Studio Aims to Nurture Talent, Lure Global Artists

When Clive Butler and Ian Croft met in Siem Reap City in early 2013, it did not take long for them to begin to bond over a mutual love of music and a desire to nurture local talent.

“We had a big ambition to do something with music and that’s how we started talking about it, then we started to look more closely and we realized there was no high-quality, international recording studio in Cambodia,” Mr. Butler said.

Steve Bloxham, a sound engineer at Siem Reap’s 60 Road Studios, sits at the production desk during the studio’s opening on Thursday. (Lim Sokchanlina)
Steve Bloxham, a sound engineer at Siem Reap’s 60 Road Studios, sits at the production desk during the studio’s opening on Thursday. (Lim Sokchanlina)

About a year later, the two Brits set about converting a six-story house on the city’s Abbey Lane into the home of 60 Road Studios, a venue the pair hopes will attract international artists due to its state-of-the art equipment and proximity to the country’s famed Angkorian temples.

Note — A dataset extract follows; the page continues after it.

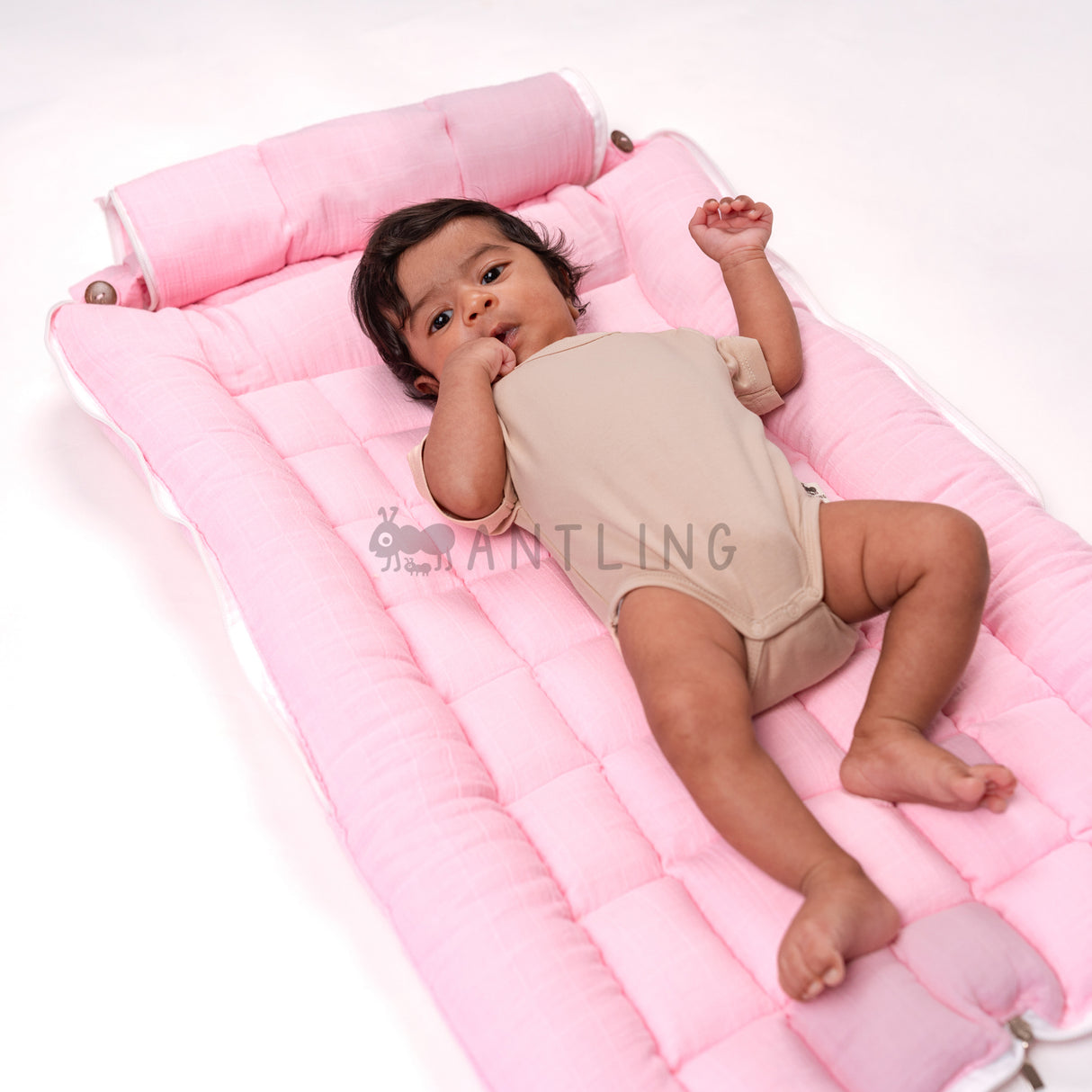 SoftNest - Premium Muslin Baby Nest cum Bed Set - Pink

The studio officially opened its doors on Thursday evening.

Mr. Butler, 51, and Mr. Croft, 39, plan to use the profits that established foreign artists will pump into 60 Road Records to promote Cambodian musicians and give them free access to the studio.

“We had a strong desire not to do NGO work…. [W]e believe social enterprises should be successful businesses and it’s what you do with the profit,” Mr. Butler said.

He said one of the biggest obstacles for the studio would be convincing young musicians’ parents that a career in the industry was viable.

“We’re forming the first band [to be signed by the label] already, which is going a little slowly, as we’ve discovered that there is no real belief that music or the arts is a career,” he said. “A lot of the families put a block on it and think it’s not a job.”

An event to launch the studio on Thursday featured a performance by the Khmer Magic Music Bus, a group of traditional Cambodian musicians who mostly play for audiences in remote parts of the country.

The band is the brainchild of Arn Chorn Pond, a Cambodian-American multi-instrumentalist who moved back to Cambodia in the 1990s. He called 60 Road Studios the first of its kind in Cambodia and predicted it would be successful in promoting local musicians, both at home and abroad.

“I’ve never seen a studio of this quality,” he said. “I didn’t know how big it was until today—they have pulled this off.”